Let's also make a function called convert() to do all our conversions that returns a dictionary containing all our conversions.

import sys

def convert(conv_type, str_to_conv):
# Convert input(s) into decimal as a starting place for all encodings
if conv_type == 'bin':
decimal = int(str_to_conv, 2)
elif conv_type == 'bcd':
decimal = int(str_to_conv)
elif conv_type == 'chr':
decimal = ord(str_to_conv)
elif conv_type == 'dec':
decimal = int(str_to_conv)
elif conv_type == 'hex':
decimal = int(str_to_conv, 16)
elif conv_type == 'oct':
decimal = int(str_to_conv, 8)
# Set up dict to track all conversions
encodings = {"decimal": decimal}
return encodings

encodings = convert(sys.argv[1], sys.argv[2])
print(encodings)
  • We're importing sys so that we can pull in the command line arguments. 
  • The convert function takes two arguments, which are our command line arguments.
  • The next section converts our str_to_conv to decimal based on conv_type.
  • Next we're creating our encodings dictionary, right now with just the decimal.

If you run the above code, with base_converter.py hex FE you should see a dict with a single element called decimal like: {'decimal': 254}

Now, let's add code to handle conversions to various bases.

import sys

def convert(conv_type, str_to_conv):
# Convert input(s) into decimal as a starting place for all encodings
if conv_type == 'bin':
decimal = int(str_to_conv, 2)
elif conv_type == 'bcd':
decimal = int(str_to_conv)
elif conv_type == 'chr':
decimal = ord(str_to_conv)
elif conv_type == 'dec':
decimal = int(str_to_conv)
elif conv_type == 'hex':
decimal = int(str_to_conv, 16)
elif conv_type == 'oct':
decimal = int(str_to_conv, 8)
# Set up dict to track all conversions
encodings = {"decimal": decimal}

# Convert to binary and inverse
encodings["binary"] = format(encodings["decimal"], '08b')
encodings["binary_inv"] = ''.join('1' if x == '0' else '0' for x in encodings["binary"])

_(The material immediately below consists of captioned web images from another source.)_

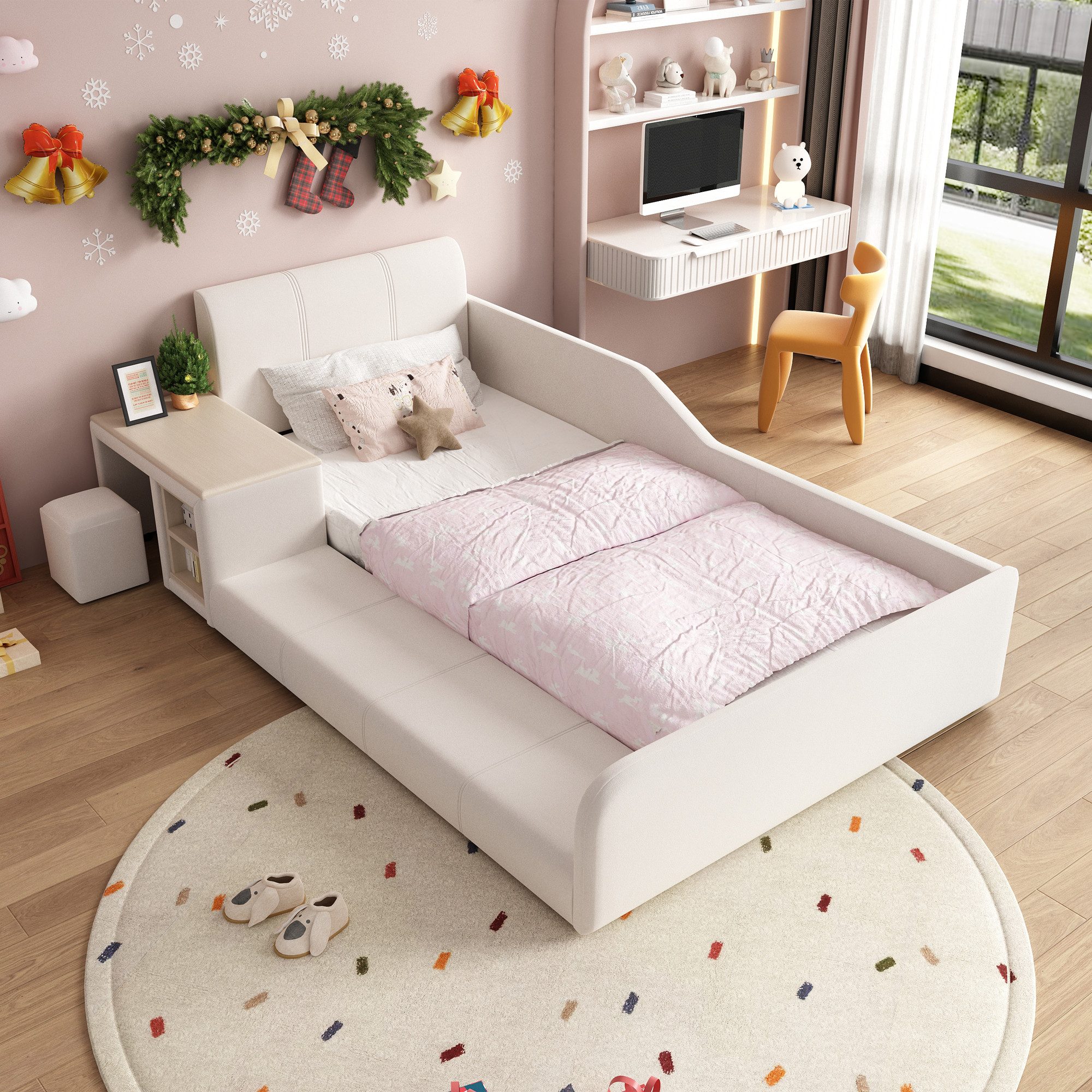 OKWISH Polsterbett Kinderbett Funktionsbett (mit Schreibtisch, Hocker und Stauraum, Blau, Weiches Kopfteil, Robuste Holzlatten, für Schlaf- und Arbeitsbereich 90x200 cm), ohne Matratze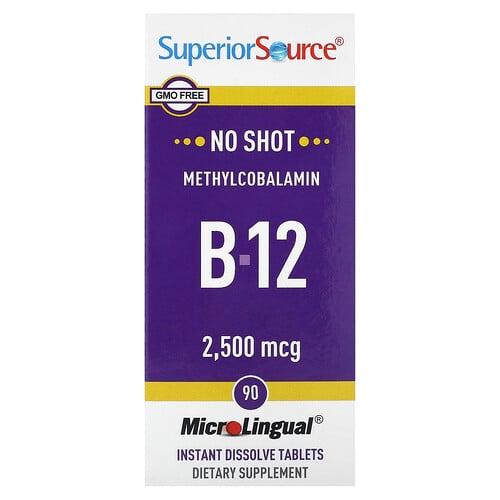 슈프리어 소스 Superior Source, 메틸코발라민 B-12, 2,500mcg, 즉시 용해되는 정제 90정 상품 이미지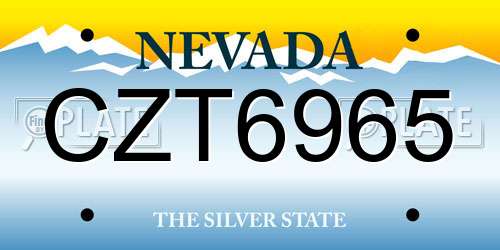CZT6965 Nevada License Plate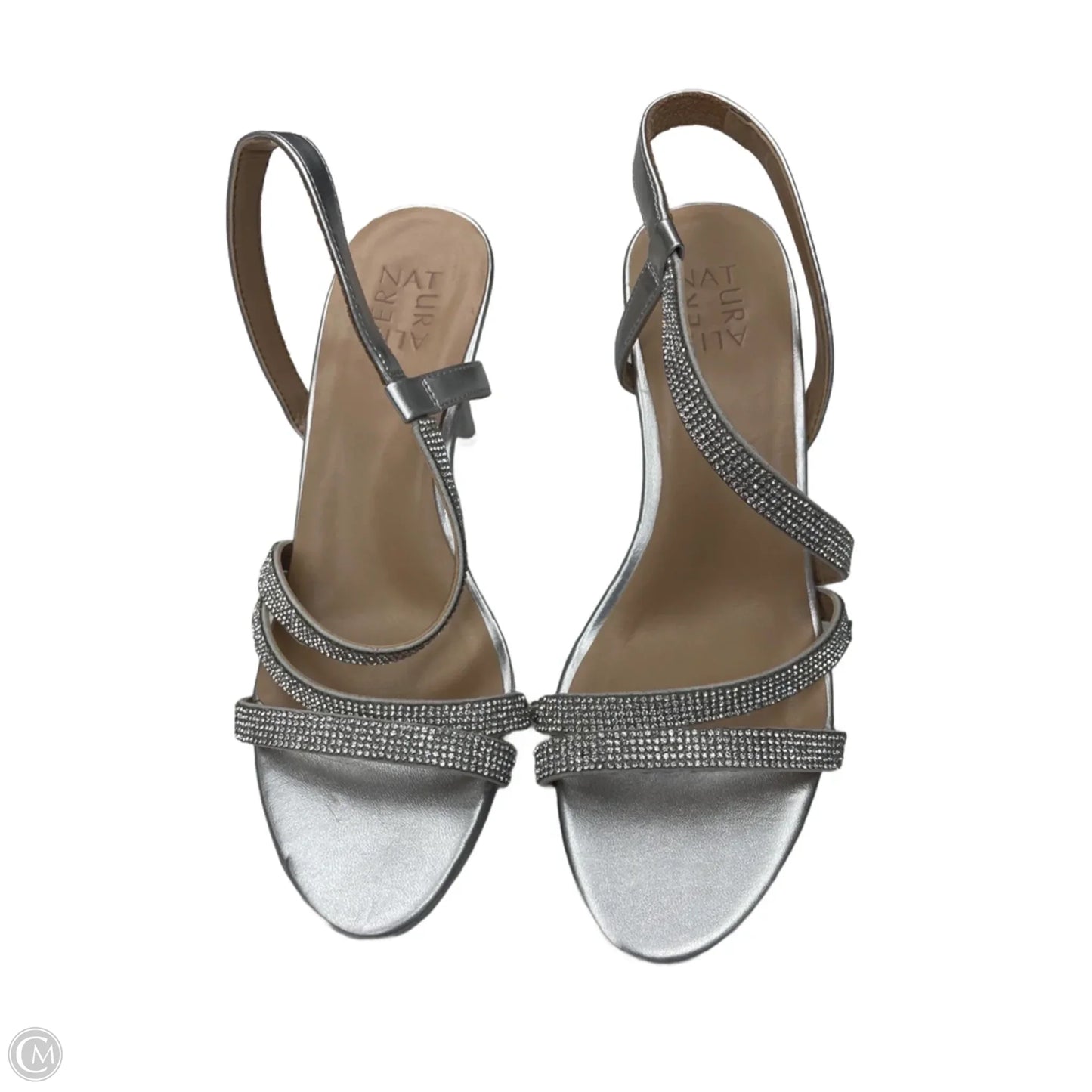 Sandals Heels Stiletto By Naturalizer In Silver, Size: 9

# Convert to decimal inverse
encodings["decimal_inv"] = int(encodings["binary_inv"], 2)

# Convert to hexadecimal and inverse
encodings["hex"] = format(encodings["decimal"],'02x').upper()
encodings["hex_inv"] = format(encodings["decimal_inv"],'02x').upper()

# Convert to octal and inverse
encodings["octal"] = format(encodings["decimal"],'02o').upper()
encodings["octal_inv"] = format(encodings["decimal_inv"],'03o').upper()
return encodings

encodings = convert(sys.argv[1], sys.argv[2])
print(encodings)

We first want to do the binary conversion because inverting a binary string is the easiest way to then convert that back to the decimal inverse which we can use for all other inverse conversions. Let's break down what's happening.

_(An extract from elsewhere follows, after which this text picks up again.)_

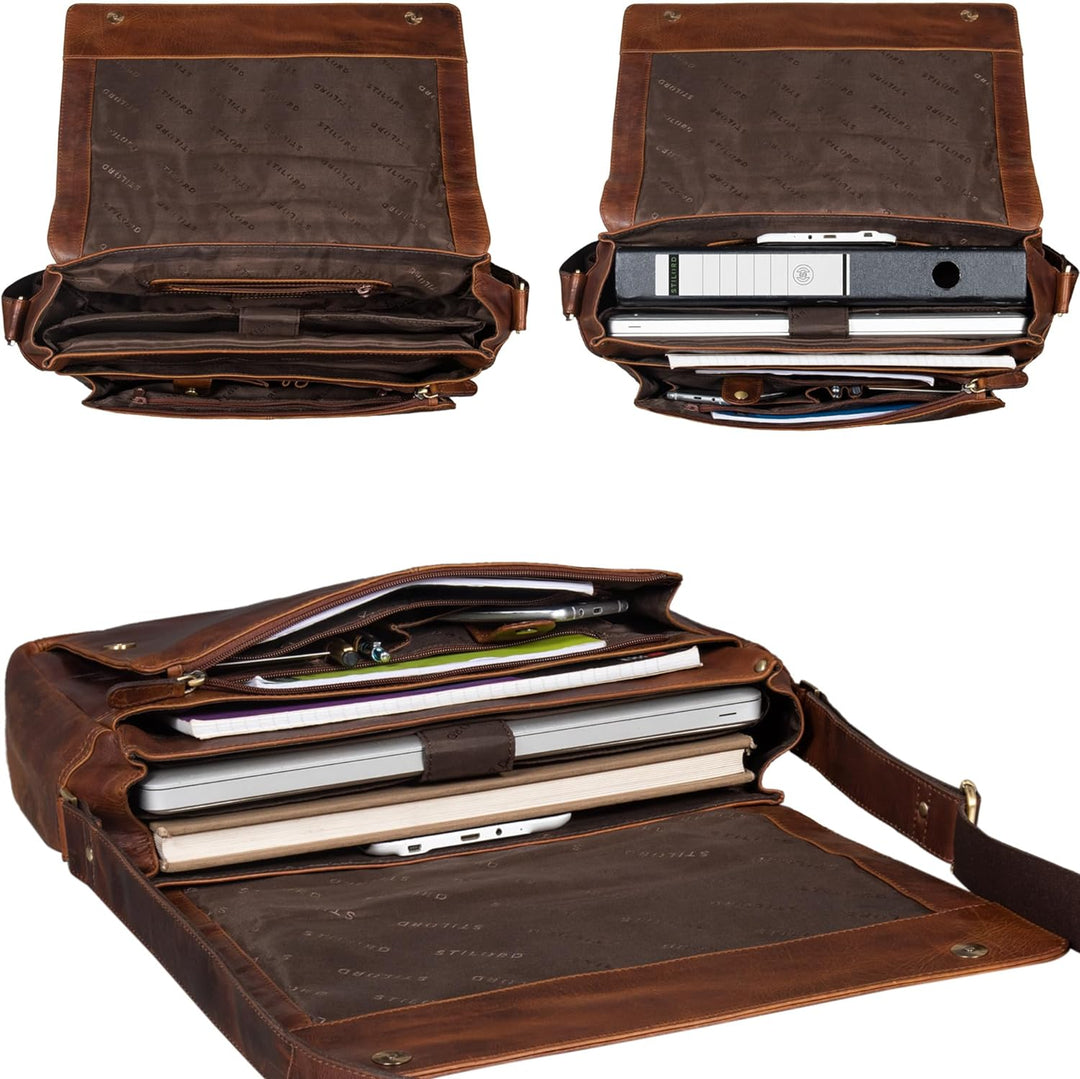 STILORD 'Lonzo' Vintage Umhängetasche echtes Büffel-Leder Messenger Bag für Herren und Damen Unitasc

The format() function takes an input, like encodings["decimal"] and the base and format. Let's use the encodings["binary"] line as an example. We're passing it encodings["decimal"], the lower case 'b' is to convert to binary and the '08' part is to format it as an eight bit binary number. For example, let's say we called our program with the following arguments:

base_converter.py bin 1111

This is the decimal equivilant of 15, but we want to pad it with enough zeros to make it eight bits, so it becomes 00001111. e.g. base_convert.py bin 1 would output 00000001. base_convert bin 101 would convert to 00000101. 

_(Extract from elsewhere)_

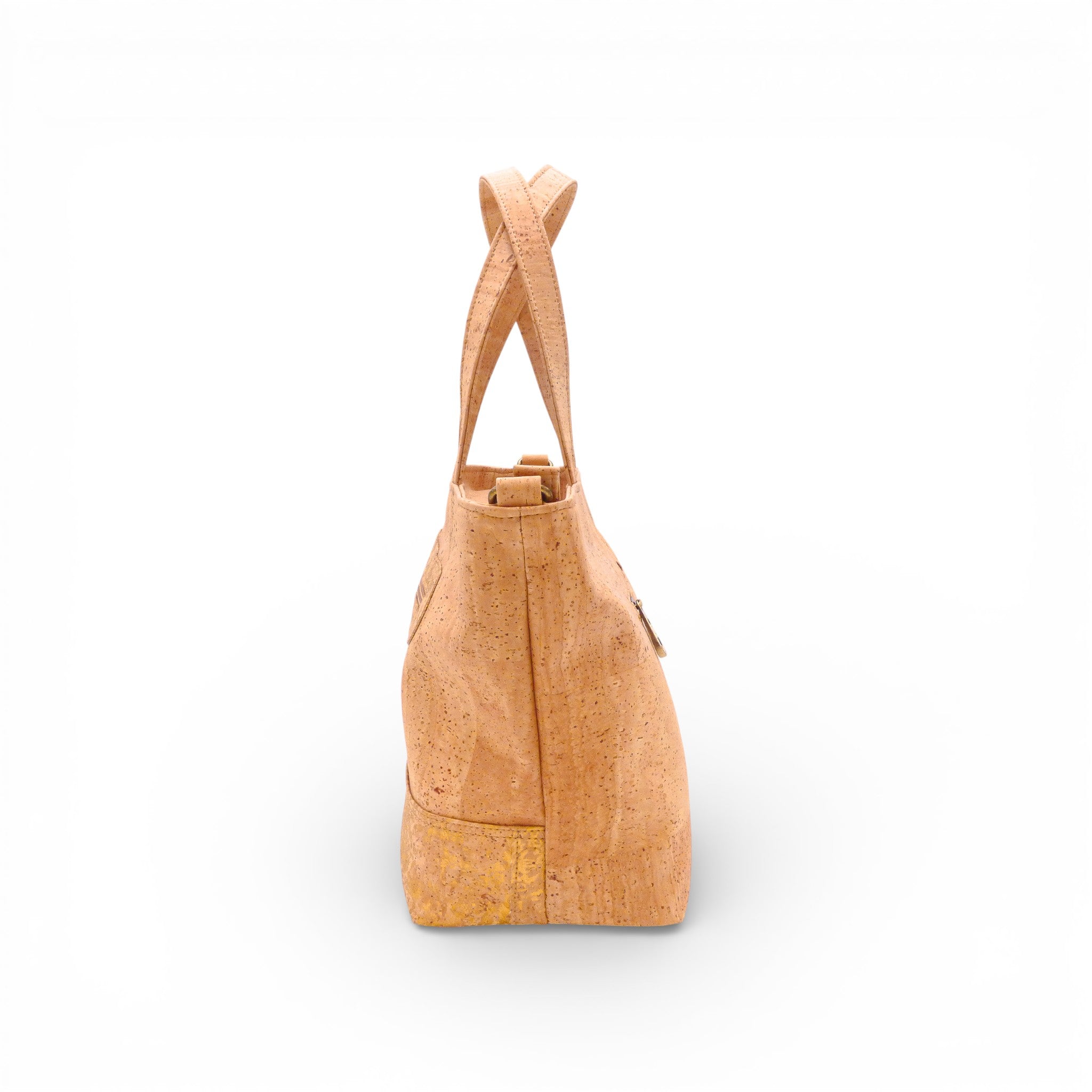 Sac à main liège Relief Montado — vue profil bandoulière finition dorée Pézenas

Let's look at how we invert the binary conversion next.

''.join('1' if x == '0' else '0' for x in encodings["binary"])

Here we're using a list comprehension to iterate over each bit in the encodings["binary"] string and if it's a 1, change it to a 0 and vice-versa. If you're not familiar with list comprehensions, check out this tutorial. The join function is a neat way to take a list and put it back together as a string. In this case "".join() is joining the bits back together with no separator But let's say you wanted to separate each bit with a dash, you'd use "-".join(), or if you wanted to separate them with a space - space, then you could do " - ".join().

Let's look at the decimal_inv line now. We're using the int() function to take the encodings["binary_inv"] and telling it to convert from base 2 (binary) into an int. This is identical to what we're doing at the top of the function to covert whatever input we received into a decimal as our starting point.

On the encodings["hex"] line we're converting to x (hexadecimal) with a format of 02. So if we called our program with something like base_convert.py dec 2, we will get the output of 02, or base_convert.py dec 15, we'll get an output of ff. Notice the lower case, which is why were using the string method .upper() to convert ff to FF. We'll skip over the octal line as it's pretty much the same as the hex line except we're not using the string method .upper() because octal digits can only be 0-7 (no letters).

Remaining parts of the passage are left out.